Sint Philipsland is a village in the Dutch province of Zeeland. Sint Philpsland is also the name of the (former) island on which the village lies. It is a part of the municipality of Tholen, and lies about 16 km northwest of Bergen op Zoom.

== History ==
The village was first mentioned between 1490 and 1495 as "Ecclesia sti Philippi Apostoli, St. Philipskerc", and is named after Philip the Apostle. The area was diked in 1487 by order of Anna van Bourgondië, the illegitimate daughter of Philip the Good. The first village was flooded in 1509 and 1530, and subsequently abandoned.
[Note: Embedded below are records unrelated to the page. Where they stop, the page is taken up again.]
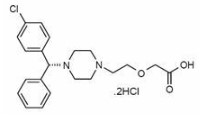 Levocetrizine dihydrochloride structure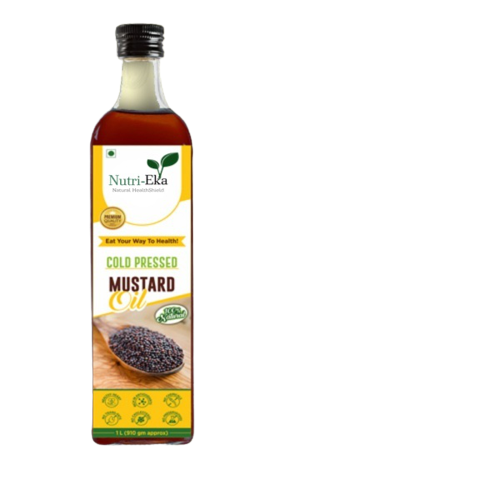 1 LITER WOOD PRESSED MUSTARD OIL ( GLASS BOTTLE )
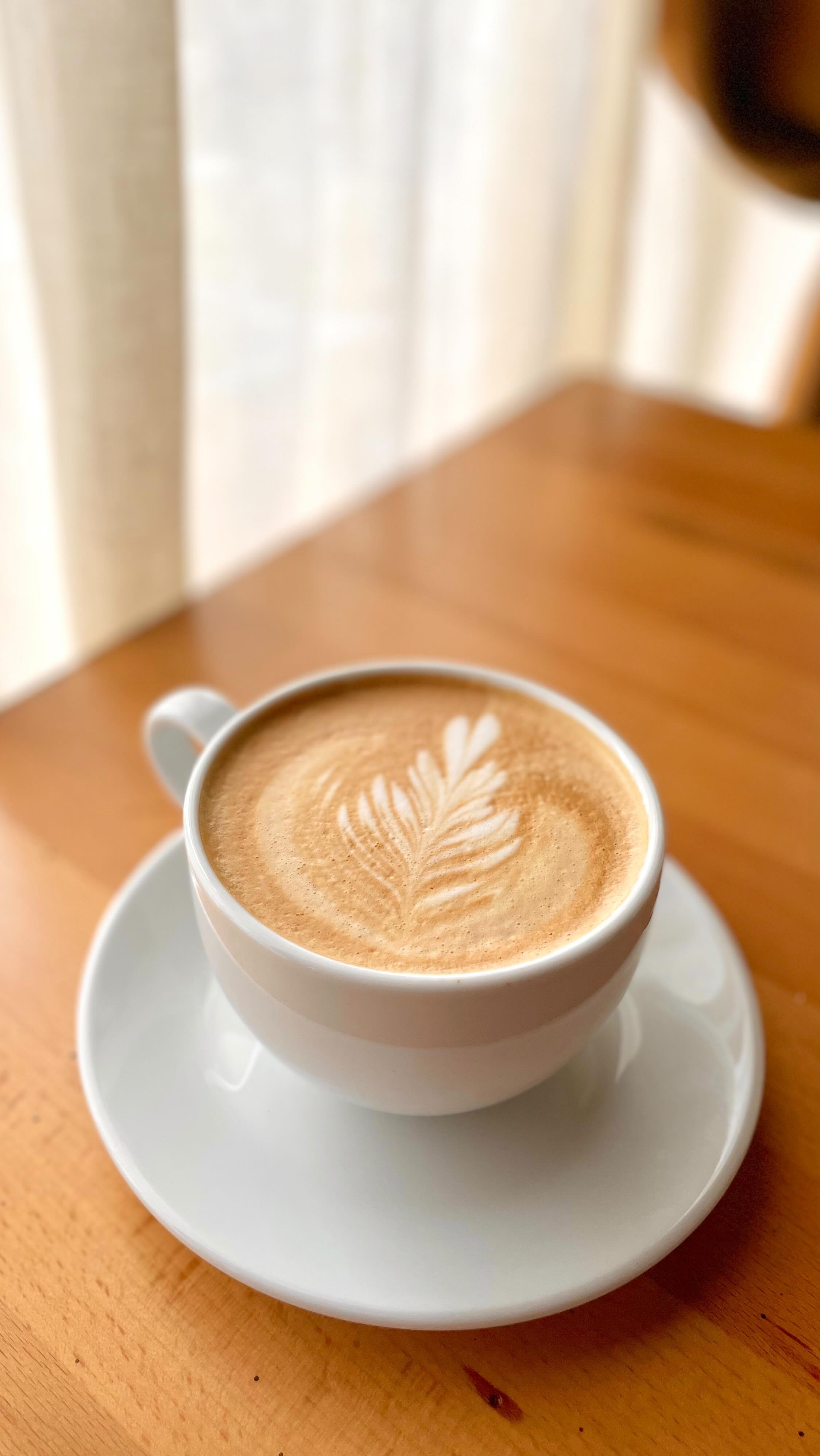 What we look forward to every morning! ☕️ 

Start your mornings off with a fresh hot latte- 
We’re also now serving decaf espresso!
In 1642, the land was reclaimed again and a regular patterned village with front and back street was constructed.

The Dutch Reformed church was built in 1668 in a neoclassic style with Doric columns. In 1953, an association building was attached to the western side of the church.

Sint Philipsland was home to 654 people in 1840. In 1884, Sint Philipsland was connected to North Brabant via the Slaakdam and no longer an island. Sint Philipsland was severely affected by the North Sea flood of 1953 and ten people were killed.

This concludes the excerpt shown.